Below is a listing; print exactly its lines from the one containing "Supergirl Houd het" down to the one containing "vervangbare duwbeugel hoezen", both inclusive, with every picture left out.

RECORDS PROVIDED:
- Opening Delimiter -

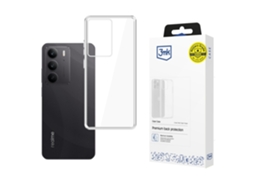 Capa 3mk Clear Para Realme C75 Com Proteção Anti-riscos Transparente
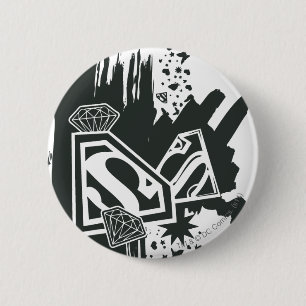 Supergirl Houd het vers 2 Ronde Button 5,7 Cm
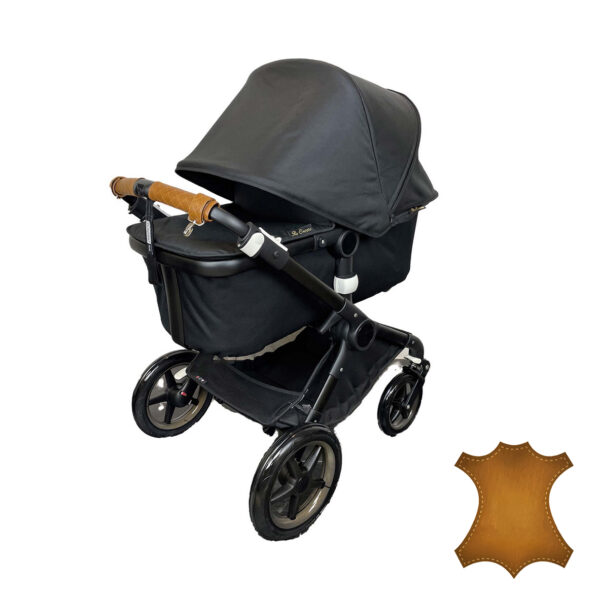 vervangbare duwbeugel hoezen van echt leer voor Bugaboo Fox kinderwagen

- Closing Delimiter -
- Opening Delimiter -

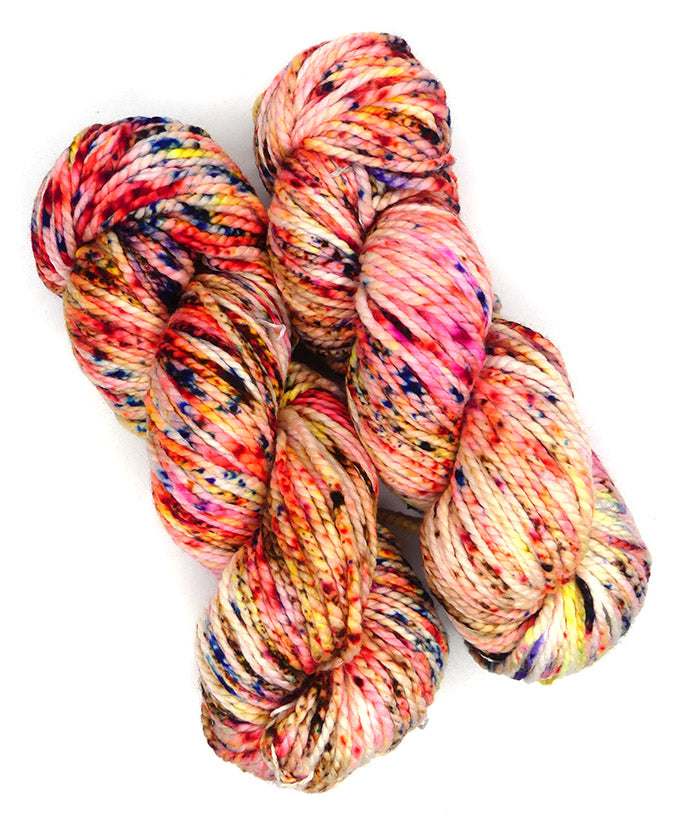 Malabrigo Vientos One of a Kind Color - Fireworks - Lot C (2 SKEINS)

- Closing Delimiter -

SOLUTION TO THIS TASK:
 Supergirl Houd het vers 2 Ronde Button 5,7 Cm
 vervangbare duwbeugel hoezen van echt leer voor Bugaboo Fox kinderwagen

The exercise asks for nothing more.